Fixed and Floating Exchange Rate

What is an exchange rate?

It is a rate at which one currency is traded with another. Or in simple words, it is the value of one currency with respect to another currency.  For example, if 1 pound is equal to 2 dollars, this means that you have to pay 2 pounds to purchase bus ticket of 4 dollars in the USA.

What is fixed exchange rate?

Fixed exchange rate or pegged exchange rate is a kind of currency exchange system in which value of one currency is fixed against major world currency like the dollar, euro and pound etc. or with another measure of significance worth like gold etc. The central bank usually plays an active part to maintain official currency rate by buying and selling home currency in the international market in return for currency to which it is pegged.

What is floating exchange rate?

Floating or flexible exchange rate is determined by supply and demand forces in the private market. If the value of the currency is high its demand will increase and vice versa. The central bank may intervene to control inflation and stability.

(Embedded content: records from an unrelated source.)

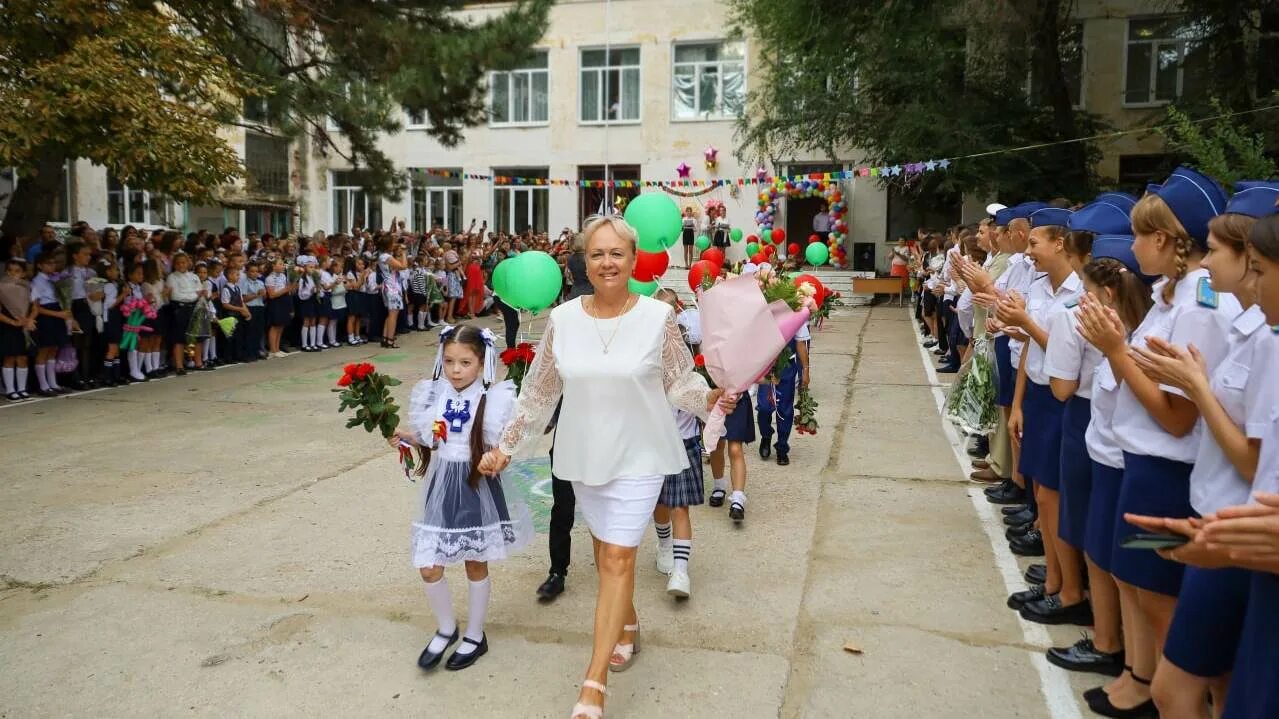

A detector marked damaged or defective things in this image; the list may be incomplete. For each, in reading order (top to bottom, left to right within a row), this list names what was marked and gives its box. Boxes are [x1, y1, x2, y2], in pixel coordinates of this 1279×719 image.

cracked asphalt ground [0, 304, 1079, 711]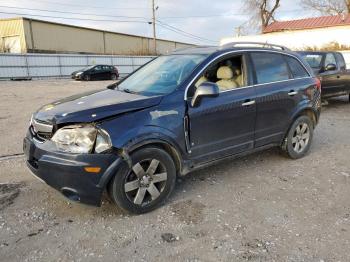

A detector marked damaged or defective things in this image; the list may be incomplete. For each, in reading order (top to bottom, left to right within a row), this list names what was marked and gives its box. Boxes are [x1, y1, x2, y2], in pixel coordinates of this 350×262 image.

damaged front bumper [22, 130, 123, 206]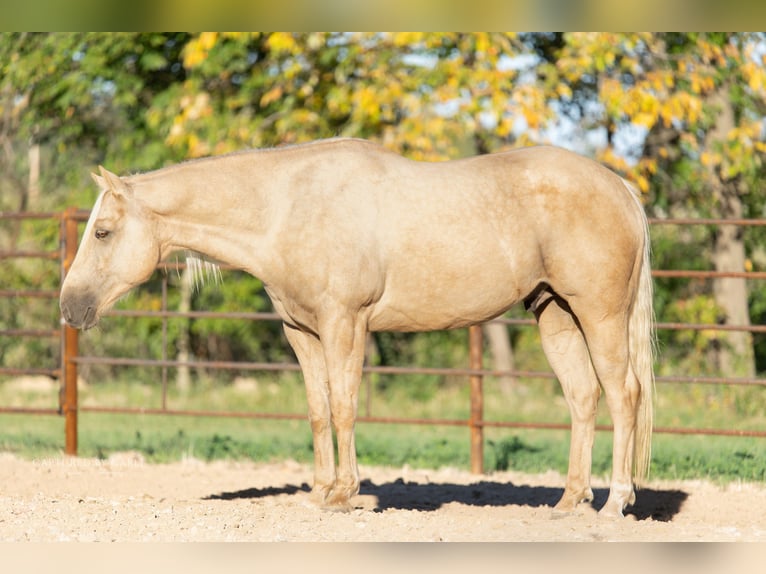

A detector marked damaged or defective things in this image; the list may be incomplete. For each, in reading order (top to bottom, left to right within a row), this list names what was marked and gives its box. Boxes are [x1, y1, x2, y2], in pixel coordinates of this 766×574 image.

rust metal fence [1, 209, 766, 474]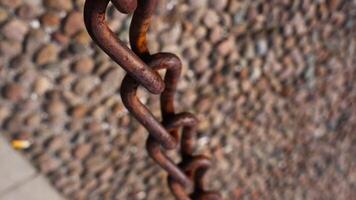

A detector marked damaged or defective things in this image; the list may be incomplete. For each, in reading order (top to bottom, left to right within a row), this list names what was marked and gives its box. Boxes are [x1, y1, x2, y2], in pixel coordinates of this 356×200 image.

rusty metal chain [84, 0, 220, 199]
oxidized iron [84, 0, 221, 199]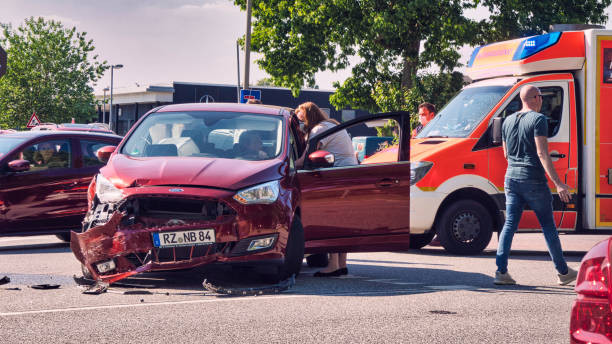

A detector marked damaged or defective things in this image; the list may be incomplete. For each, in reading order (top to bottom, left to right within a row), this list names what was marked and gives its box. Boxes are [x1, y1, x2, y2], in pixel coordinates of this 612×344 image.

Difference between Fixed and Floating Exchange Rate

Fixed Exchange Rate Floating Exchange Rate
Meaning It refers to rate sets and maintains by the central bank (Government). It is the rate which changes with respect to changes in the market.
Controlled by Central government or central bank. Demand and supply forces of the market.
Changes When currency price increases, it is called revaluation and when price decreases, it is called devaluation. When currency price increases, it is called appreciation and when price decreases, it is called depreciation.
Speculation It might occur when there are chances of changes in policies of the government. It is an integral part of this system and occurs normally.
Government intervention Government intervenes at the time of high inflation to stable the currency. No interference of government.

Conclusion

It is not possible to make a particular conclusion; both fixed and floating exchange rate have their positive and negative sides. Many economists consider flexible rate system because of its dependence on the free market. However, Lawmakers, central bank officials support fixed exchange rate system.